_INSTRUCTIONS FOR THE TASK_
Once you reach the line with "2021 Mercedes-Benz AMG" in the material below, copy each line exactly up to and including the line with "chuyện tình yêu của nữ tư tế chapter 3.2 27", and skip the pictures.

_MATERIAL PROVIDED_
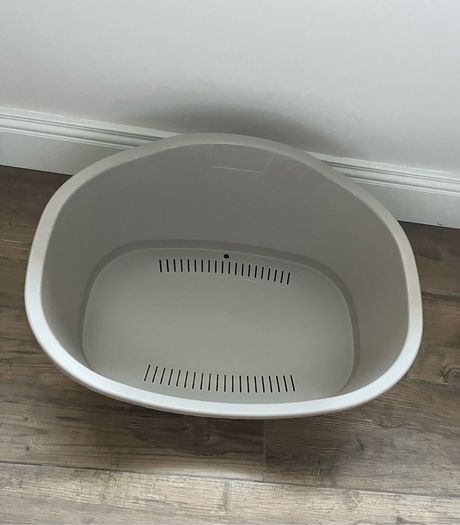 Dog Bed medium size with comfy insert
==
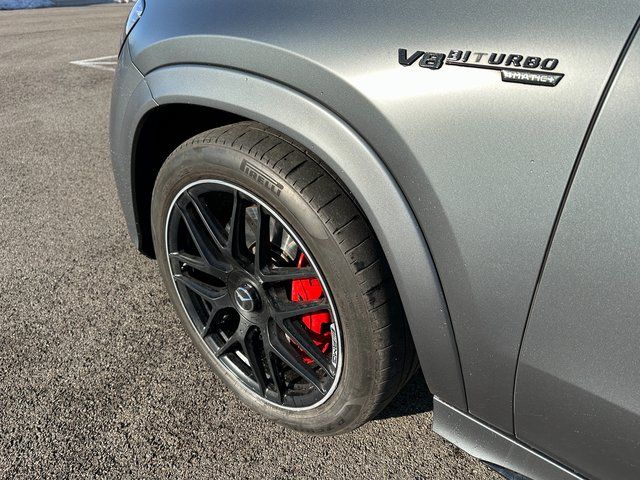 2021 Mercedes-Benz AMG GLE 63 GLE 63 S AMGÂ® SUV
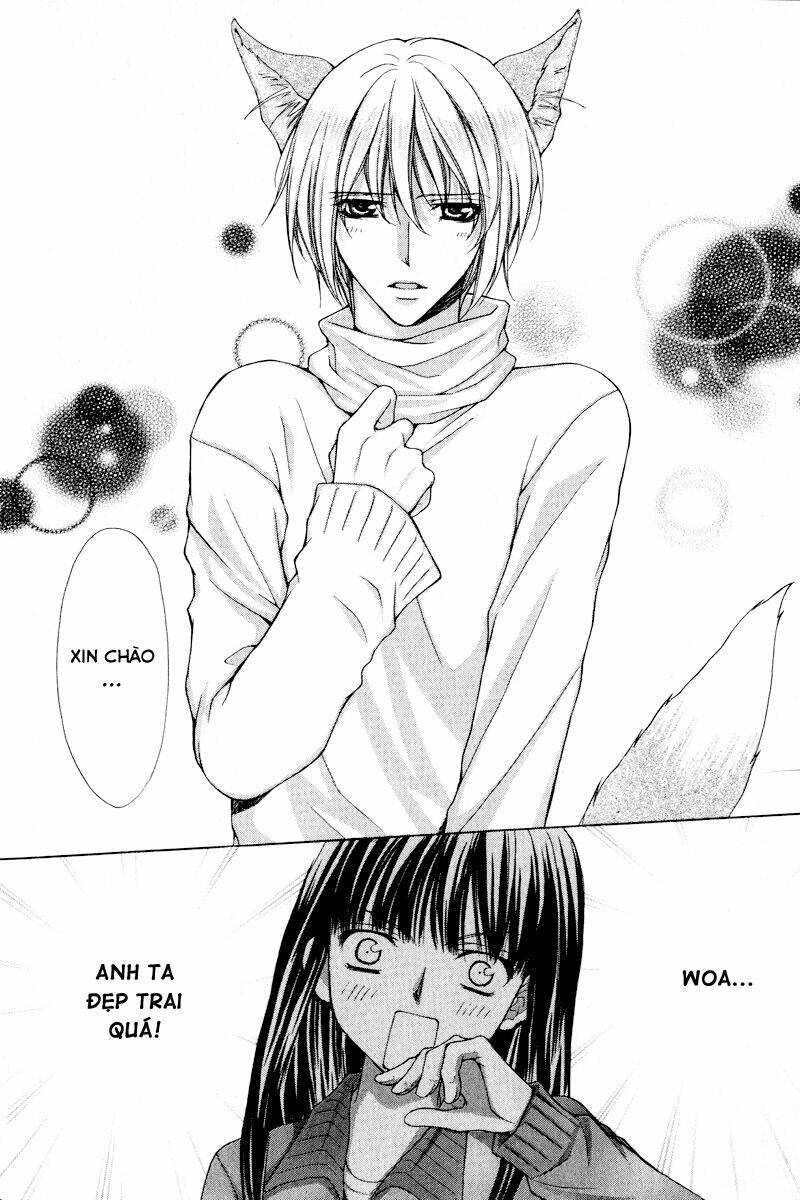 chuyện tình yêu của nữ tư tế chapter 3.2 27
...
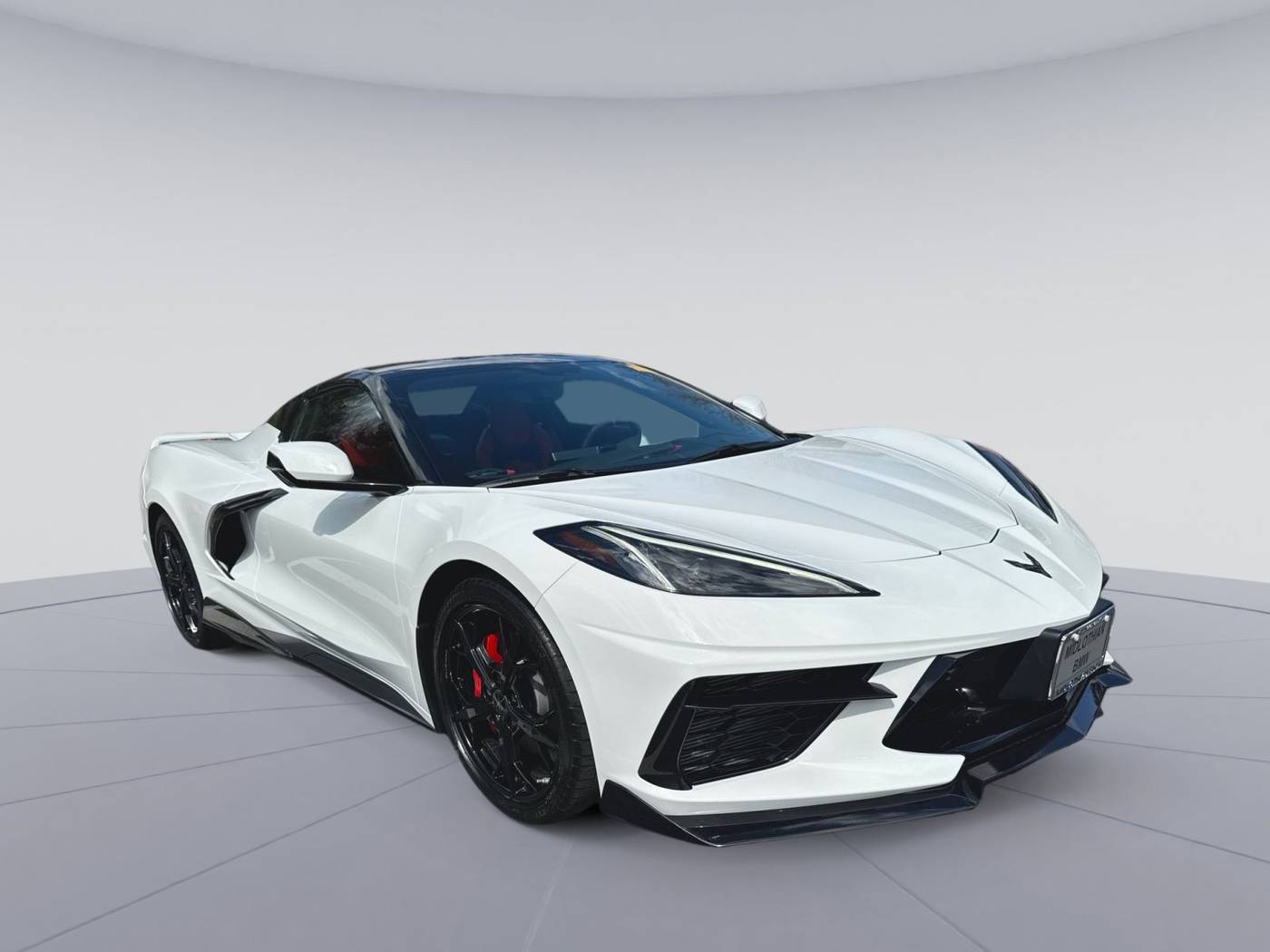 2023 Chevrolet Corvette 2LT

_SOLUTION TO THE PROBLEM_
 2021 Mercedes-Benz AMG GLE 63 GLE 63 S AMGÂ® SUV
 chuyện tình yêu của nữ tư tế chapter 3.2 27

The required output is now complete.